Joke’s on us because Europeans realised how impractical their strict dress code was and now wear whatever they want while we desperately cling onto the values they imposed on us over a century ago. We claim we are independent but our minds are colonised. Decolonisation is more than formal independence, it’s addressing every way in which colonisation pervaded our society, including dressing. Before you throw loose statements about revealing clothing being un-African I’d like you to use the Harvard Method of referencing to tell me where exactly you got that lie.
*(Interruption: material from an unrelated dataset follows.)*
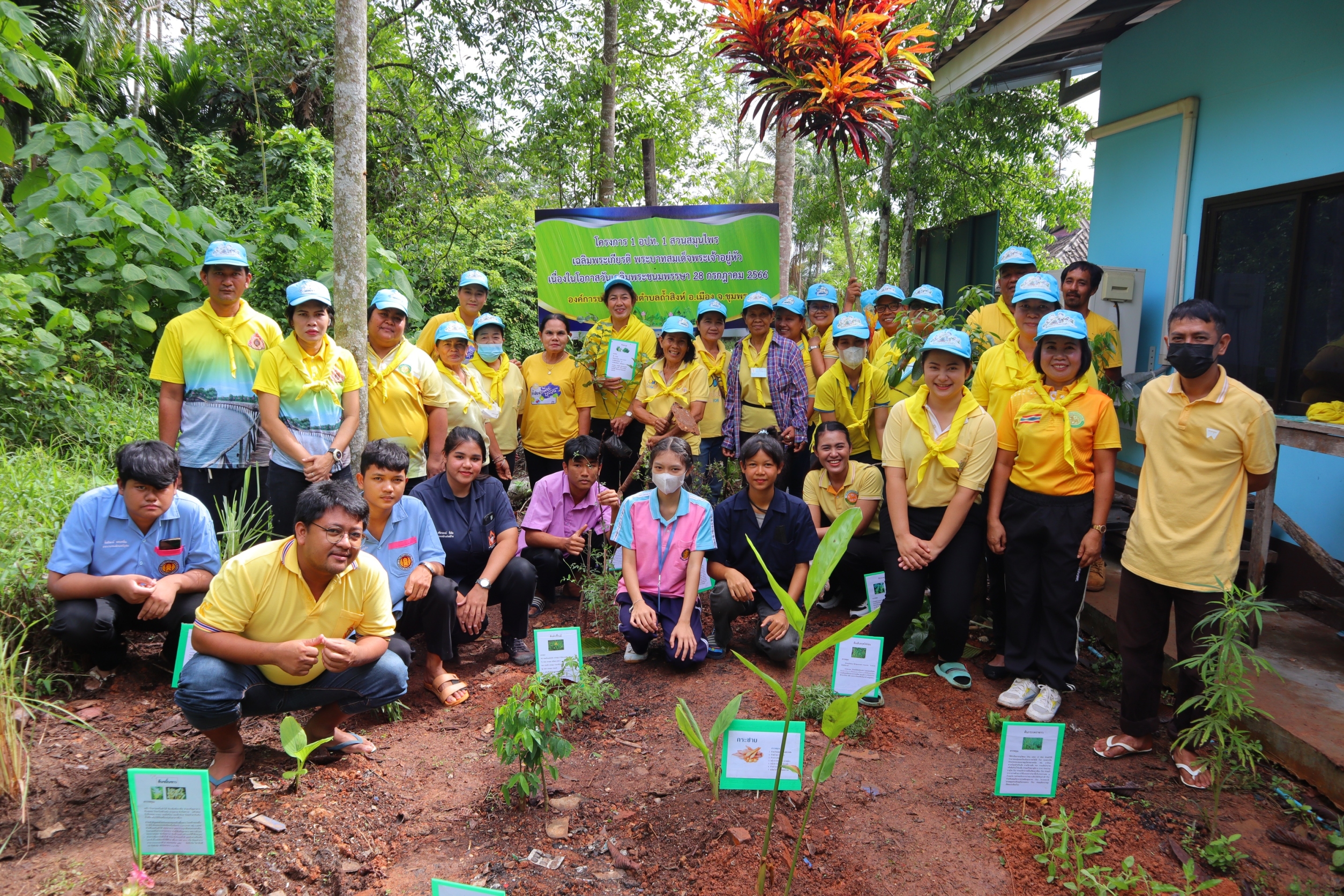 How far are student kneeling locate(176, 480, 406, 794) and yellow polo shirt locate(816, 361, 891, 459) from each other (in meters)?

Go to the National Archives and I tell you, you will find so many photos of exposed breasts that a bomb in there would amount to a booby trap (couldn’t resist the dad joke). Women’s bums and thighs weren’t sexualized because Africans understood they are for sitting. Women’s breasts weren’t sexualised because they were designed to feed little terrors which cry, poop and sleep–no, mom, I’d rather sweep Sahara Desert than have a bundle of joy. Besides, breasts aren’t sex organs; they’re secondary sex characteristics like beards, deep voices and broad shoulders–there is no reason to sexualise them. Unless of course, let’s start yelling “hambogqoka!” to men’s beards then give them iZambia/ntsaro to cover their scandalous beards.
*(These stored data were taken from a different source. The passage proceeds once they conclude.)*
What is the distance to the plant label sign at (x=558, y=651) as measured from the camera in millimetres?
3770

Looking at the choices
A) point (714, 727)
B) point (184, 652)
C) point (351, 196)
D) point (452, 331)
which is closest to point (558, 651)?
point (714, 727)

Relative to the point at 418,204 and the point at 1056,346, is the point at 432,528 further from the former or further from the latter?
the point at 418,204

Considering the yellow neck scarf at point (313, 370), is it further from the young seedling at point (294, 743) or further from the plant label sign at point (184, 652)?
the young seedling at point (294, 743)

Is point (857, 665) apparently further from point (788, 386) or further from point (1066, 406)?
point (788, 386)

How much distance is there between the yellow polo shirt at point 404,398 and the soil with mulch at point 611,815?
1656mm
An old man once said it angers him when people blame victims’ dressing for being sexually assaulted because in pre-colonial times, blaming women’s bodies was unacceptable because women were to be respected and you were to blame for your own rapey tendencies. Rapists were dragged away never to be heard from again, no nonsense of “what was she wearing?”

African women walked around half naked because society actually respected women enough to not sexualise them. African culture respected women enough to not tell them what to do with their bodies and let them dress however they see fit. African culture is ubuntu, because ubuntu means treating others with dignity and respect, but where is the ubuntu in yelling at girls and women on the street that they’re whores? Where is the ubuntu in calling women sluts for literally anything? Where is the ubuntu in demonizing women for wearing what makes them comfortable?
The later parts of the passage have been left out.